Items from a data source
=== Begin Enclosure ===

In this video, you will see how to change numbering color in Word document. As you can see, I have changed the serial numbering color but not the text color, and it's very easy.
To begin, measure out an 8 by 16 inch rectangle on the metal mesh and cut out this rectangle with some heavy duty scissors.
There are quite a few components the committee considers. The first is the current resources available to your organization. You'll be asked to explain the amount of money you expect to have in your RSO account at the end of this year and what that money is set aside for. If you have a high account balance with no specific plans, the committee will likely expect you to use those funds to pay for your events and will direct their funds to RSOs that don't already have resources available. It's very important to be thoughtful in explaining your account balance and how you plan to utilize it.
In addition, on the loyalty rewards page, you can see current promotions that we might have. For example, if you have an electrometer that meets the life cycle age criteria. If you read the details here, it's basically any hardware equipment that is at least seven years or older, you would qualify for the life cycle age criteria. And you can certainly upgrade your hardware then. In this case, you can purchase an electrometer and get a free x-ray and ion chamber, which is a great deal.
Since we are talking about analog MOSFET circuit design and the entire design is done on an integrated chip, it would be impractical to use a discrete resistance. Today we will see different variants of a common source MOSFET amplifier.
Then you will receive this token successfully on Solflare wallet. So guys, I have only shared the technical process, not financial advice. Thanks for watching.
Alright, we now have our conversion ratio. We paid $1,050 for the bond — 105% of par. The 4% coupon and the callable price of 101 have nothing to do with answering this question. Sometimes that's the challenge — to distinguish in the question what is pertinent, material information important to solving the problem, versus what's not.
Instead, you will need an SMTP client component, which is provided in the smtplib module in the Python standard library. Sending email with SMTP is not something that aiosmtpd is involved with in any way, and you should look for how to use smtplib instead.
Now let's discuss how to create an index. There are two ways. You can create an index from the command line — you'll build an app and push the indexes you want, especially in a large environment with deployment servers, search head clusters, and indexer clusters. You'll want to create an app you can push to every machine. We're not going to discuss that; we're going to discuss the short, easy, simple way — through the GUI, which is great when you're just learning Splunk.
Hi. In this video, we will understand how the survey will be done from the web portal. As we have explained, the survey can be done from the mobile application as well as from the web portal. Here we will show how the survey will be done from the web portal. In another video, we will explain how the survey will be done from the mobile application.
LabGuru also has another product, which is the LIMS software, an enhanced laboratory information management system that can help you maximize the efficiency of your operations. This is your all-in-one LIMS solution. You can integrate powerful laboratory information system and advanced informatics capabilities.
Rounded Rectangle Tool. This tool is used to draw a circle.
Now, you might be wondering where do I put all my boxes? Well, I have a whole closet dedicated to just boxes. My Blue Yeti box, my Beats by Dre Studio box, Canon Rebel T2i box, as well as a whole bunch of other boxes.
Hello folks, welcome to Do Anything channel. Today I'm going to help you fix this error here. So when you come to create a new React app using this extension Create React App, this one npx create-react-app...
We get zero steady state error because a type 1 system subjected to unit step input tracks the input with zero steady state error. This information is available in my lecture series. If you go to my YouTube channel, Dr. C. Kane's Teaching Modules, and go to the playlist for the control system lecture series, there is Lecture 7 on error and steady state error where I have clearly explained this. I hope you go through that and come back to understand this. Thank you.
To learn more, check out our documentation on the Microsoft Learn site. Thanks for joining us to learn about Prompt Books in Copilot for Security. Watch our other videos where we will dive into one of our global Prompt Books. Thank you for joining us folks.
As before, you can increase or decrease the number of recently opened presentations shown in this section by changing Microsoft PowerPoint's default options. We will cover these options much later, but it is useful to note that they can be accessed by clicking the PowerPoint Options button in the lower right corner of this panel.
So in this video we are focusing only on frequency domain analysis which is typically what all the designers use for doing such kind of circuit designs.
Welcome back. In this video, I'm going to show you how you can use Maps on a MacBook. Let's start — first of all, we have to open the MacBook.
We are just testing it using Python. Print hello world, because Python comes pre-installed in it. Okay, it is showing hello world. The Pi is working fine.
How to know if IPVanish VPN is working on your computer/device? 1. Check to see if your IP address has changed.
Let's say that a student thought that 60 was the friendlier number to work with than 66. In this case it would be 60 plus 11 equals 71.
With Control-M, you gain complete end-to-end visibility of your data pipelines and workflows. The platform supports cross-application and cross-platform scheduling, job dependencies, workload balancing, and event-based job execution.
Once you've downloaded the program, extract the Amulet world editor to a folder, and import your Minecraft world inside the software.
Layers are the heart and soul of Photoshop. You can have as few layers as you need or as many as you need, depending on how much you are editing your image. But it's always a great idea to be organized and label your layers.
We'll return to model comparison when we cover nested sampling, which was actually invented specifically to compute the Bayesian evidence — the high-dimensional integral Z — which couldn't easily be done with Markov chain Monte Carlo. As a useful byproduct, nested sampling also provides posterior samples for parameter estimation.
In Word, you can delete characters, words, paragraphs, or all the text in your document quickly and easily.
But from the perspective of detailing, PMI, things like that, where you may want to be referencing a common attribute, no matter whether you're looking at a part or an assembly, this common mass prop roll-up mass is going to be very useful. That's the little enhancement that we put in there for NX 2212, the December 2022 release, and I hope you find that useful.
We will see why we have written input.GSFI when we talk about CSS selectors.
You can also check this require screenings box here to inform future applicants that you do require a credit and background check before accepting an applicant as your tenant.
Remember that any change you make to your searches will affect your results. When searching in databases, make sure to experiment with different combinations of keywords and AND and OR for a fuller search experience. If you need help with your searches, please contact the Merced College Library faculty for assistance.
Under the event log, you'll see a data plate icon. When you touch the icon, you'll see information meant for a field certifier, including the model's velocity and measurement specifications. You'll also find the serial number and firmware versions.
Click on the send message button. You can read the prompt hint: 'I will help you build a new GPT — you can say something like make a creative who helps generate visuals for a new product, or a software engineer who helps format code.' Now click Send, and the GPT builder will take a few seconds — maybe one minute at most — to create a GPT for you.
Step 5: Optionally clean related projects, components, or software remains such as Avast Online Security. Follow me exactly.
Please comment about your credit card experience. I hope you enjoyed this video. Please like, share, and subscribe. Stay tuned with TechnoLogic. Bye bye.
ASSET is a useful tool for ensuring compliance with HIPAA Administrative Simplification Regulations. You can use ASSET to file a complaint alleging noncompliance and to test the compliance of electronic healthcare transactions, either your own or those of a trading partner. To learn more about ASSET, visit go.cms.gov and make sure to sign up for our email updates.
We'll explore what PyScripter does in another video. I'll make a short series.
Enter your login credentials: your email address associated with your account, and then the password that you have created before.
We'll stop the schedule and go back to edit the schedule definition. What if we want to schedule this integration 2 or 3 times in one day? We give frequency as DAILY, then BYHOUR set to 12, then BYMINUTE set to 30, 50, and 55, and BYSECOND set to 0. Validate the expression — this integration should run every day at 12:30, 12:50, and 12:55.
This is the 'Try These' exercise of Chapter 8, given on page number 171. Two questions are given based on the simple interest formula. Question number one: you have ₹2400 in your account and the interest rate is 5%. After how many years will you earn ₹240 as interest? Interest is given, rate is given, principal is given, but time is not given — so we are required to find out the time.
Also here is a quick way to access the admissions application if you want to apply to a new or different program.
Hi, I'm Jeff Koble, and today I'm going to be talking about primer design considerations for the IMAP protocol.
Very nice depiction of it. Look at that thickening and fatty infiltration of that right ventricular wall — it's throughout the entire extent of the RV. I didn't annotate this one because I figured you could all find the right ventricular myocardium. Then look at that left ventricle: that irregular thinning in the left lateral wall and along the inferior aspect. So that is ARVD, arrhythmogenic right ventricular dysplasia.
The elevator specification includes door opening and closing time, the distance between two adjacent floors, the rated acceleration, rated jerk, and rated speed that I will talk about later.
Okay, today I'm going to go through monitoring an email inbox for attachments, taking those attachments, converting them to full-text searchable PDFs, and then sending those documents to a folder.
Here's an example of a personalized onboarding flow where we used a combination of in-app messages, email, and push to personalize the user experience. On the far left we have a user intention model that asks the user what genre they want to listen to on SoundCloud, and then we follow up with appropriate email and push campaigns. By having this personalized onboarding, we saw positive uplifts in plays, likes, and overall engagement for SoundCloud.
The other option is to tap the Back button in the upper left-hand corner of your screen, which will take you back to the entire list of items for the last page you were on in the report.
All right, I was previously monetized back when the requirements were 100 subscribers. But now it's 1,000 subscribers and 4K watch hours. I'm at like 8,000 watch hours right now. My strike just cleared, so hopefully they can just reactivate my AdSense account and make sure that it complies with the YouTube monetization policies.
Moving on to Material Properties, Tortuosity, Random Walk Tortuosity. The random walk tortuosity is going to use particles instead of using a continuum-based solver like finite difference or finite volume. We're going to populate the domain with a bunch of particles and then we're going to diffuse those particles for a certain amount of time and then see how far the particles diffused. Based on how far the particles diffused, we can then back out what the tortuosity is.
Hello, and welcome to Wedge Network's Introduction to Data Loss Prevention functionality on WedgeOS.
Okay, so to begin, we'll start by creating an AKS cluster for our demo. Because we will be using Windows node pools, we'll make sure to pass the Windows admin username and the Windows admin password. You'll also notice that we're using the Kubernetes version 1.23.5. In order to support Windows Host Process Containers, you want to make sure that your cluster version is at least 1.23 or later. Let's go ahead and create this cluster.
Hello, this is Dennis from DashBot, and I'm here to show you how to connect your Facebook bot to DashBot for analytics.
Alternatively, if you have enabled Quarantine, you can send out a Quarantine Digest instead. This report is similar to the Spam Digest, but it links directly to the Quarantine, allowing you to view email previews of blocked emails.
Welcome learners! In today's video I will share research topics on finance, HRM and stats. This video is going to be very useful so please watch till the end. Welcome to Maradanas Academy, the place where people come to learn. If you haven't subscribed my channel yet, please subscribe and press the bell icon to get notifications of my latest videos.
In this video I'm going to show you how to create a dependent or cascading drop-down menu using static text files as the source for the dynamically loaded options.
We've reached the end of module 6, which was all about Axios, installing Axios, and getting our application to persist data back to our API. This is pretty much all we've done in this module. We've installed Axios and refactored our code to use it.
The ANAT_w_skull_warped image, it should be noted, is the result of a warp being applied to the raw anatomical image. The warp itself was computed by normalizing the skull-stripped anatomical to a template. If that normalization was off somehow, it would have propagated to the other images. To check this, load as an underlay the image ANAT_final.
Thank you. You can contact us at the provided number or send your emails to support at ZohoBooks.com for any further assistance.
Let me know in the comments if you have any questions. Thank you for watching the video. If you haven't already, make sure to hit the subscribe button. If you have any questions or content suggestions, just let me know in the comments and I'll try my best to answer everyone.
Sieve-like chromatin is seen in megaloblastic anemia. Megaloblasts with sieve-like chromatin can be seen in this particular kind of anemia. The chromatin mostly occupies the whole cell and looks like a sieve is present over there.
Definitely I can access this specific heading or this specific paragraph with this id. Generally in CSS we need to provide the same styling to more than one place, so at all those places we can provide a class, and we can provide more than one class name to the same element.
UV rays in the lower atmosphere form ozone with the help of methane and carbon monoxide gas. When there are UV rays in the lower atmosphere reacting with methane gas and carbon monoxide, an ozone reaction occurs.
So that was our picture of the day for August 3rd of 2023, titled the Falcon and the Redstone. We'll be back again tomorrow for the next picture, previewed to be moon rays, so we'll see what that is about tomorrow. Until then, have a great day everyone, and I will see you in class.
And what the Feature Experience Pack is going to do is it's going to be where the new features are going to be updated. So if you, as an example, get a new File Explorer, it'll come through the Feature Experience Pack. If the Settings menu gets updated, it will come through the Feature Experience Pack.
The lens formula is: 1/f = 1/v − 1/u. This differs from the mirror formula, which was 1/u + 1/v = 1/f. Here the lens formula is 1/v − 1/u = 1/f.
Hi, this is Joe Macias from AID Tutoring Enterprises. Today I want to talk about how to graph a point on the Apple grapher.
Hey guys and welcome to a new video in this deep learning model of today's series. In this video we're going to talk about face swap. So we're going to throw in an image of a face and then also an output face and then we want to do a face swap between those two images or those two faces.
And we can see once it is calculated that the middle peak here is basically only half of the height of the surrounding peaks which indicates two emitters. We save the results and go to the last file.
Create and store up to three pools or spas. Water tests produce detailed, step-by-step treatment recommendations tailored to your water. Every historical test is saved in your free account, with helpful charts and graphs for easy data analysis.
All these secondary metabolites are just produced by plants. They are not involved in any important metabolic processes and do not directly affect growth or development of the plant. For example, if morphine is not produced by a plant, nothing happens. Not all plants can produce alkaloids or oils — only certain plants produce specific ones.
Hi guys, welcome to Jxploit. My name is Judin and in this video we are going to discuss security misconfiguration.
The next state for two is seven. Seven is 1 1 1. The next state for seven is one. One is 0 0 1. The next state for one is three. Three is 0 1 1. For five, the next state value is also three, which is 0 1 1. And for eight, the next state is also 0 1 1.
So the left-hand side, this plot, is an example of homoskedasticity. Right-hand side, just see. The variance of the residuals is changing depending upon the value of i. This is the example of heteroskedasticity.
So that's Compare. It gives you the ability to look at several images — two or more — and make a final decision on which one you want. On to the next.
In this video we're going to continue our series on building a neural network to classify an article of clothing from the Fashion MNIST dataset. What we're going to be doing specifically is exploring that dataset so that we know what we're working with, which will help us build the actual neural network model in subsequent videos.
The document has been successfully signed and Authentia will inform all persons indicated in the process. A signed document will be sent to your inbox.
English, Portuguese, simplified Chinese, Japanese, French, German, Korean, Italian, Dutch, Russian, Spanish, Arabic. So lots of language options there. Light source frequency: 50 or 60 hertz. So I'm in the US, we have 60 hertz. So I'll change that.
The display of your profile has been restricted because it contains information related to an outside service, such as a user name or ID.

=== End Enclosure ===

Reproduce the entries above exactly, but only the lines between the line holding "Welcome back. In" and the line holding "Layers are the", inclusive.

Welcome back. In this video, I'm going to show you how you can use Maps on a MacBook. Let's start — first of all, we have to open the MacBook.
We are just testing it using Python. Print hello world, because Python comes pre-installed in it. Okay, it is showing hello world. The Pi is working fine.
How to know if IPVanish VPN is working on your computer/device? 1. Check to see if your IP address has changed.
Let's say that a student thought that 60 was the friendlier number to work with than 66. In this case it would be 60 plus 11 equals 71.
With Control-M, you gain complete end-to-end visibility of your data pipelines and workflows. The platform supports cross-application and cross-platform scheduling, job dependencies, workload balancing, and event-based job execution.
Once you've downloaded the program, extract the Amulet world editor to a folder, and import your Minecraft world inside the software.
Layers are the heart and soul of Photoshop. You can have as few layers as you need or as many as you need, depending on how much you are editing your image. But it's always a great idea to be organized and label your layers.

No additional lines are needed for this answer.